It was announced earlier this week that the NIH & the FDA have confirmed XMRV in ME/CFS and the media is buzzing with the news along with many CFS blogs. I received an email today from the famous CFS & Fibromyalgia physician, Dr. Jacob Teitelbaum, with his latest blog post on the exciting information. I wanted to share some of his thoughts with you. As we all knew, including Dr. Teitelbaum, politics has always surrounded the lack of support that CFS has received over the years and was the main reason the just-released report from the NIH & FDA was held up for a while.
To me, the fact that these reports were NOT released with proof of this XMRV information in ME/CFS reeks to high heaven. Dr. Teitelbaum says in his blog post, XMRV Confirmed in CFS:
A well-done study out of the FDA and NIH has finally been published. Though the politics and controversy around the topic initially caused the study’s publication to be held up, and subjected to even more detailed scientific review and scrutiny, it was worth the wait.
The study showed that evidence of XMRV virus (and related viruses called “MLV”) was present in 86.5% of CFS patients vs. less than 7% of healthy controls. This is a dramatic difference and corroborates the WPI study. I was also very pleased to see that Dr. Anthony Komaroff was one of the study authors.
Why do I consider the presence of XMRV to be confirmed if there are conflicting studies?
1.The testing and science used in the study was excellent. When looking for a needle in a haystack, you need the right tools or you won’t find it. Not finding it doesn’t mean it’s not there.
2.The researchers were unrelated to the WPI researchers and had no financial ties. I consider the WPI folks to be excellent and motivated by the right reasons, but independent verification and confirmation still adds a lot.
3.That the healthy patients were mostly negative while CFS patients were largely positive confirms that the testing was not “too sensitive.” A second form of confirmatory testing was also done to confirm positive results.
This positive study distinguished people with CFS from healthy controls, was well done, and was conducted independently of any financial interests. That it reproduced the findings seen earlier in another well-done study is very convincing. Given this, other studies that found no XMRV in anyone suggests the researchers might need new eyeglasses.
Dr. Teitelbaum says that the finding of XMRV does not mean that XMRV causes ME/CFS. He states, ” Because so many infections have been documented in CFS, it could simply be a reflection of an immune dysfunction, and not the cause.”
Dr. T. also says there are no proven treatments yet for XMRV, but that there are “many promising candidates”. He says that they are risky and expensive and not that helpful at this point so he does not recommend that we be guinea pigs.

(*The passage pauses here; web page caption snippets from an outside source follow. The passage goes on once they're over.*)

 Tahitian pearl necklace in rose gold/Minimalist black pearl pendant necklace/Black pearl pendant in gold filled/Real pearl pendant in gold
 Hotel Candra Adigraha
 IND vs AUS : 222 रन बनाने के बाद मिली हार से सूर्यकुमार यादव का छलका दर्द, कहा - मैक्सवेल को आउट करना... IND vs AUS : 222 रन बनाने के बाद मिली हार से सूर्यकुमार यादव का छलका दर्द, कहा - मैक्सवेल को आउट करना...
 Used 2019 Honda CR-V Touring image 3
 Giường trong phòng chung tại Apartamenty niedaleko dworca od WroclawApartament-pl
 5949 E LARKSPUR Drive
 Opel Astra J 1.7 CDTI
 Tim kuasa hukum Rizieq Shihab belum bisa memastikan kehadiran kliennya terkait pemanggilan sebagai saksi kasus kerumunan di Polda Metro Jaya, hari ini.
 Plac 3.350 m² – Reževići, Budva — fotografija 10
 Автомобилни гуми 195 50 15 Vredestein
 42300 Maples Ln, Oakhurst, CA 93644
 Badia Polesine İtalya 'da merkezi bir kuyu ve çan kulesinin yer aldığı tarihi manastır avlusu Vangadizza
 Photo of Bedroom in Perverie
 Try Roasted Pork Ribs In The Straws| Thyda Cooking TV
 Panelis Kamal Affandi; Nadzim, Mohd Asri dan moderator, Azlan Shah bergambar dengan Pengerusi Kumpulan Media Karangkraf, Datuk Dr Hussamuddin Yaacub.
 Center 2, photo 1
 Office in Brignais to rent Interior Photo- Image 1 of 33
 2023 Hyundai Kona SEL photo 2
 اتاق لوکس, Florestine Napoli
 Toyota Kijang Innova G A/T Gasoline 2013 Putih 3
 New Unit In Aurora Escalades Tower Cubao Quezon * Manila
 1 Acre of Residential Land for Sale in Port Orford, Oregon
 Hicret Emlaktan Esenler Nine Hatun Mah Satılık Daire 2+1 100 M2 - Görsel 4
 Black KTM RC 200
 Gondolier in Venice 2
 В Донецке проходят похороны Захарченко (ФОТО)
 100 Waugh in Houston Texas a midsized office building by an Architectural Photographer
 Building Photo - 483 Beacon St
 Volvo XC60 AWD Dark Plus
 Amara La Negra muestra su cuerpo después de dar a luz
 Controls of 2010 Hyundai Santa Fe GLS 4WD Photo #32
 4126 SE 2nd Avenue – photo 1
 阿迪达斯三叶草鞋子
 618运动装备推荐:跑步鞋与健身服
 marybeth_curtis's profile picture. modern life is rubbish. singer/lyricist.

CFS patients are wondering if they should be tested for XMRV. Dr. Teitelbaum says that it depends.
If the cost (about $650 last I checked) is not prohibitive, and you have family or doctors treating you like you’re nuts, it may be worth it. Also, if you are in litigation with an insurance company it may help (the insurance company will likely ignore it, but the judge may be more open to it. Do the entire panel to avoid a false negative test.
This news is just another confirmation that CFS is a REAL, PHYSICAL DISEASE. We are not crazy, mental, hypochondriacs, or lazy. We are truly sick. Now even the government can’t deny it even though they tried to hide it! (That’s my opinion, anyhow.)
Dr. Teitelbaum’s thoughts on how this news helps us now:
This is one more potent confirmation that the illness is a real and physical disease. This has been obvious for a long time, but insurance companies and doctors could still be idiots and ignore the science. The media attention to this new study, and it being an NIH/FDA/Harvard study, will make it harder for nitwits to still make believe this is all in your mind. For perspective, doctors used to call Multiple Sclerosis “hysterical paralysis” and told women with lupus and rheumatoid arthritis that they were just hysterical — until new testing confirming the illnesses became available and changed everything.